16. If I wished to purchase some of my books for my family or if I wished to carry my books to an event to sell them, how would I obtain copies? Is there a reduced cost for the author to buy books? Is there a specific quantity that must be purchased at a time?
This will probably be dependent on the contract.  I know it is listed in my contract as allowing me to purchase my books at a reduced price, but this may vary from contract to contract.
These are some questions answered.  If you have more questions, a good resource to explore is the website Go Teen Writers, which is extremely helpful and a lot of fun to peruse.  I hope this helped!

5 ripostes:

  1. I believe if I understand correctly, "the wolf king and the warden" and "The monster in the hollows" are published by Peterson's own Rabbit Room Press and part of the recent kickstarter was to put those two out in hardback. However, the first two "Across the Dark Sea of Darkness" and "North or be eaten" could not be published in hardback because they were published by Waterbrook Press and they held the rights (if I remember his reply to a a fan query correctly.)

    ReplyDelete
  2. Jenny, did you acquire an agent first or did you just query publishing houses without one? I want to get published by one of the 'big six' houses (preferably penguin) but them and all their subsidiaries don't accept queries unless you have an agent. I'm querying some right now - just wondering if you had any tips, not specifically on querying, but on how to interact with them once they agree to be my agent. Do you sign a contact with an agent? And a separate one with a publisher? Are there any hidden strings attached? Are there things I can get ready now, like figuring out how I want it laid out, or getting a cover made, that would speed up the publishing process? And how long does traditional publishing take from acceptance letter to book launch? Thanks.

    ReplyDelete
  3. Bound and Freed - You're welcome! I hope these answers prove useful.

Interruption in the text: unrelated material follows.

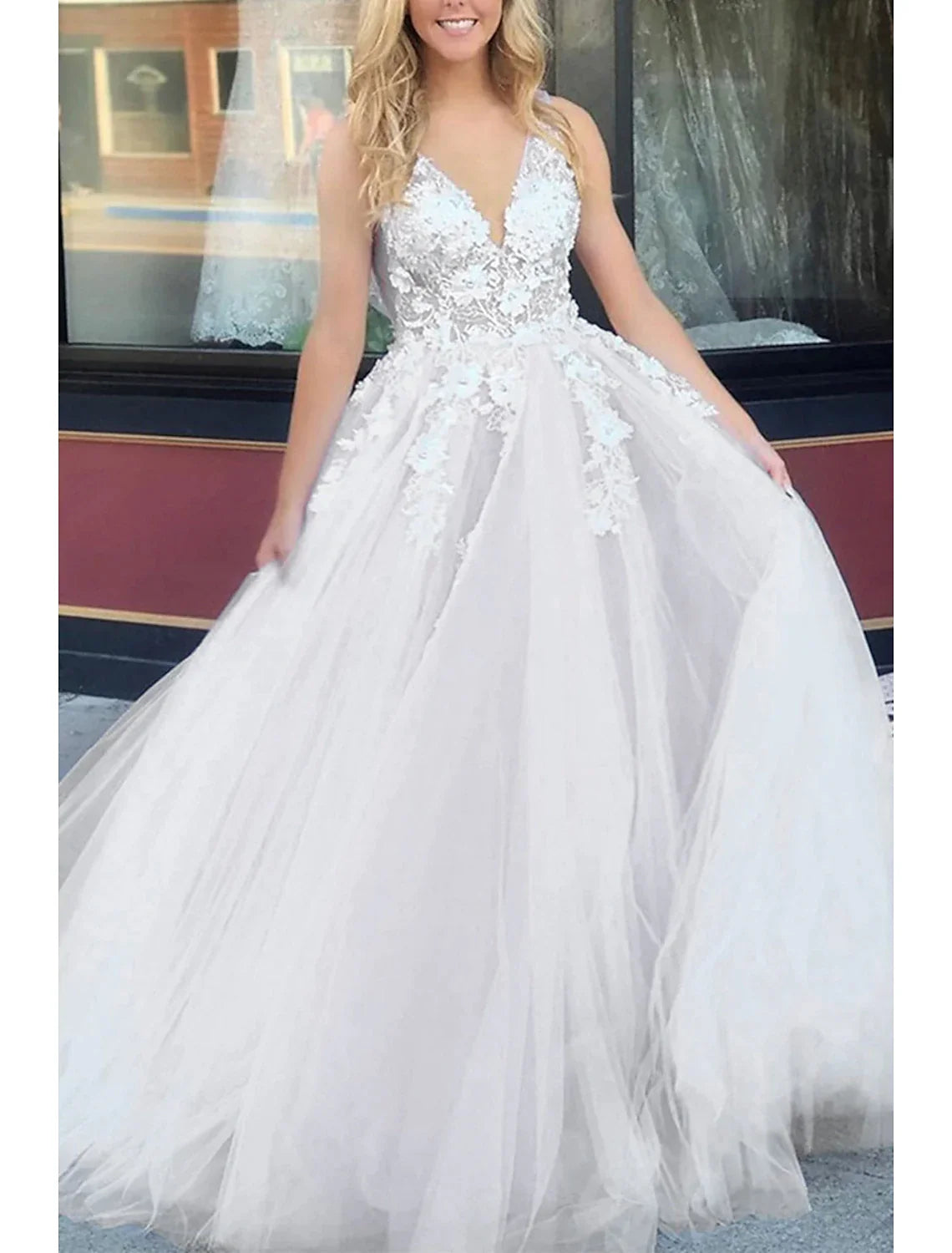 A-Line V-Neck Tulle Sleeveless Backless Applique Floor-Length Prom Gown - Chloe Dress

    Lilly - It is nice to see Andrew Peterson able to start up his own press; it is also nice to see his beautiful books in hardback! There is nothing so fetching as a big fat hard-bound novel.

    Ellie - I did not get an agent, so I'm afraid you will have to perhaps investigate what Go Teen Writers have to say about that, or research it more on the internet. Some houses won't take you unless you are fronted by an agent, like you said. I'm afraid I don't know the ins and outs of that relationship, but I certainly wish you the best as you check it out!

    ReplyDelete
  4. I self-published my book and although I'm very glad I did, I did not count on it being quite so much work. Hearing of your traditional publishing experience was very enlightening, as I'm considering the traditional route for my next book. Something that you highlighted well, however, is that no matter which option one chooses, you have to commit to furthering your book yourself to some degree--you can't wait for someone else to do it for you. It pays to be a proactive author!